To summarize, stopping a canister is usually a means to an end. And the best approach depends on your use case.
Orbit is designed to manage canister call requests for canisters that it controls. The management canister is a different thing, it actually isn’t a canister at all (better to think of it as a low-level API for talking to one of the subnets) and thus it is not an Orbit-controlled canister, so wiring calls to the management canister via Orbit won’t work.
This approach is indeed a workaround, as it reduced the usefulness of Orbit. But it should work. If it doesn’t, you should still see the details of the request in the Orbit Wallet view. For example:
Thank you @aterga for your detailed answer. I now have a clearer view of the sequence on Orbit GUI.
I understand that Orbit GUI abstracts away low-level ICP concepts, but shouldn’t users still be able to trigger stop/start from dfx-orbit CLI?
Also, consider this scenario: A user without deep code knowledge relies on Orbit GUI to abstract these concepts. They push an upgrade containing a critical bug, and the canister is now actively causing damage (draining cycles, corrupting state, etc.) –> it needs to be stopped immediately.
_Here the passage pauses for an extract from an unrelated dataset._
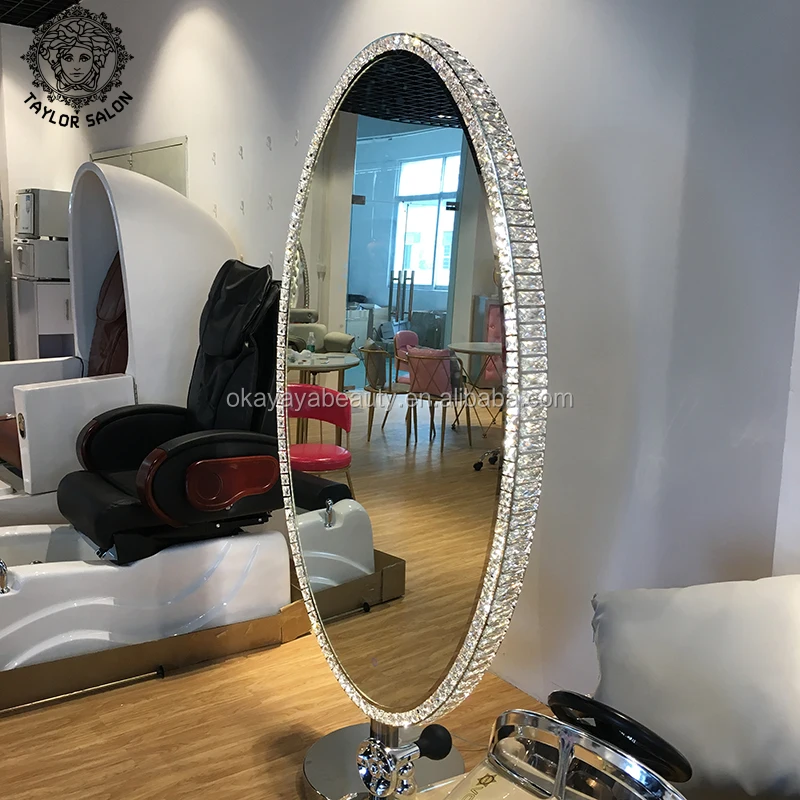 2020 beauty hair salon mirror station makeup mirrors hair styling stations with light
Currently, there’s no path to do this:
GUI has no stop/start option
Delete isn’t supported yet either, and even if it were, you’d lose the canister ID permanently, breaking any canisters or frontends that depend on it. The user don’t want this solution either.
The only workaround I can think of is uploading a dummy WASM (that might requires the approval workflow → not ideal for emergencies).
In case an upgrade of an Orbit-controlled canister contains a critical bug that has been discovered in production, an administrator can respond by installing a different Wasm module, e.g.:
Roll forward (preferred) — Patch the bug, build a new Wasm, and use the INSTALL feature with mode = Upgrade.
Roll back — If (1) there’s no time to create a patched Wasm, (2) this is not the first Wasm version ever used for this canister, and (3) if the canister data is safe, then the previous Wasm can be installed again, also using INSTALL feature with mode = Upgrade.
Stopgap — If a canister snapshot hasn’t been taken recently, take a snapshot; then, install any other safe Wasm module using the INSTALL feature with mode = Reinstall.
In practice, rolling forward is almost always the best approach. Note that the patched Wasm could be a temporary workaround (a.k.a. hotfix); a proper solution could be rolled out later.
Cycle draining could be mitigate as I described:
It’s worth adding that canisters can have a configurable freezing threshold that determines the cycle balance at which they automatically freeze (without a freezing threshold, a canister would be deleted if its cycles balance dropped to zero). A frozen canister can be un-frozen simply by topping it up (no risk of data loss, just service interruption).
I don’t think manually stopping the canister would help prevent data corruption. Instead, data corruption could be mitigated via canister snapshots. It is recommended to take a snapshot right before an upgrade, especially if the upgrade contains a data migration (since a bug in the latter could corrupt data). Note that only one snapshot is currently supported in the Orbit GUI. But I think even that is enough for most users (let me know if you disagree).